Russian Engine Could Boost Chinese Competitiveness, May Help FC-1 Meet F-16, MiG Challenge



Russian Engine Could Boost Chinese Competitiveness, May Help FC-1 Meet F-16, MiG Challenge


TAIPEI — Moscow’s decision to give Beijing access to Russian-made RD-93 jet engines will allow China’s Chengdu FC-1 Fierce Dragon (Xiaolong) to compete for sales against Lockheed Martin and MiG fighters, analysts said.

Richard Fisher, vice president of the Washington-based International Assessment and Strategy Center, said this will place new pressure on the MiG Corp., “which will now be stressed to develop a new lightweight fighter with better price and performance to compete with Chengdu’s fighters.”

Russia’s Kommersant newspaper reported on Nov. 20 that Moscow will allow China to fit the RD-93 in Pakistan’s JF-17 Thunder, a variant of the FC-1.

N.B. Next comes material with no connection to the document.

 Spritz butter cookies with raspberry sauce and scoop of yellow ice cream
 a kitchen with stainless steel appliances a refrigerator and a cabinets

The FC-1 is also a potential competitor against the F-16 on the world market. The delta-winged, single-engine fighter tops out at Mach 1.6 and is seen as a cheaper, more rugged competitor to the F-16. Additionally, countries that have been hit by U.S. military sanctions, like Thailand, might see the FC-1 as an attractive alternative to F-16s that carry political strings.

The RD-93 has a basic thrust of 11,090 pounds, and with afterburner, 18,260 pounds. It is a variant of the RD-33, which powers the MiG-29 fighter.

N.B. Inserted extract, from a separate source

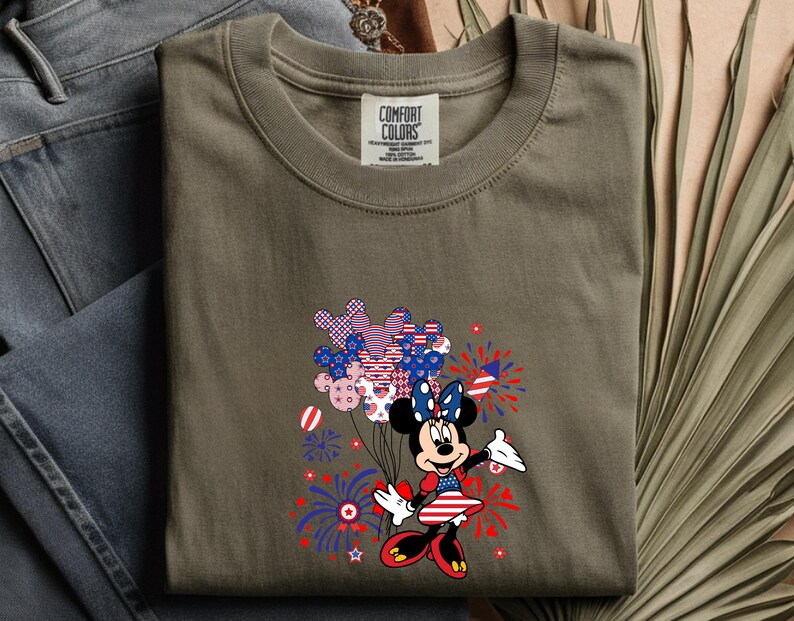K&ouml;nnte beinhalten: Ein khakifarbenes T-Shirt mit einer Grafik einer Zeichentrickmaus in einem patriotischen Kleid, die ein B&uuml;ndel Luftballons in Form von Mausohren mit rot-wei&szlig;-blauen Mustern h&auml;lt, umgeben von Illustrationen von Feuerwerksk&ouml;rpern.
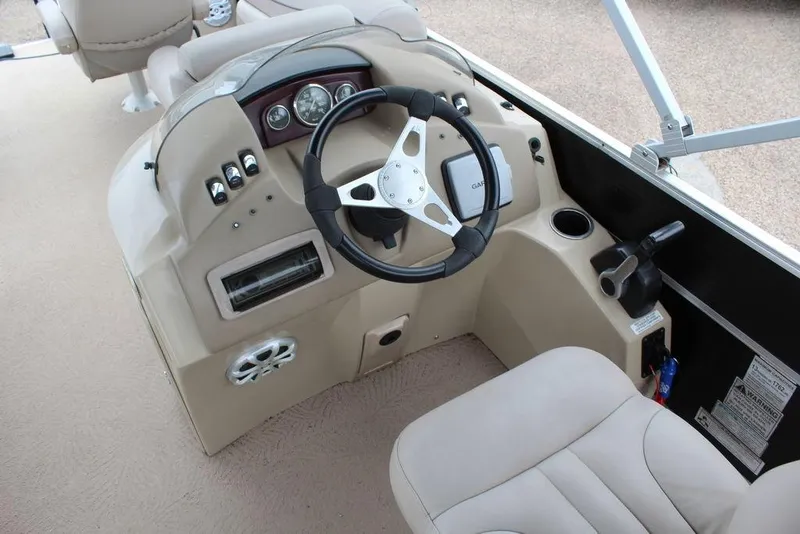 Slide: The Image of 2010 Bennington 2275 Fish boat dashboard with steering wheel and controls. - 6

U.S. political actions against Pakistan in the past 30 years include sanctions placed on Islamabad after a series of nuclear weapons tests in 1998 and additional sanctions after the bloodless 1999 military coup that put President Pervez Musharraf into power.

Both the multirole FC-1 and the JF-17 were jointly designed and developed by the Chengdu Aircraft Industrial Corp. and the Pakistan Aeronautical Complex in Karma beginning in the 1990s. However, due to pressure from India, Russia would not allow China to outfit the JF-17 with the Russian engine. This has slowed assembly of the JF-17, which opened production facilities in April 2005.

Fisher sees the recent decision as a major concession from Moscow that will allow China “to market its new generation of fighters long before it is able to sell them with Chinese engines, which may not become accepted by the market until they are proven in PLAAF [People’s Liberation Army Air Force] service, perhaps well into the next decade.”

“An agreement for re-export of the RD-93 may also soon include re-export of the more powerful AL-31FN, as seen by recent reports of this engine's sale to Iran in the Chengdu J-10. Reports also indicate Syria may also receive the J-10,” said Fisher.

However, Chinese officials at the Dubai Air Show on Nov. 13 dismissed reports of sales of the Chengdu J-10 to Iran, calling them a “fabrication” and “not true.” Andrei Chang, defense analyst of the Hong Kong-based Kanwa Information Center, said that it was unlikely that Russia would allow China to re-export the J-10 with Russian-made AL31F engines.

Algeria, Bangladesh, Egypt, Iran, Lebanon, Myanmar, Nigeria, Sri Lanka are reportedly interested in the FC-1.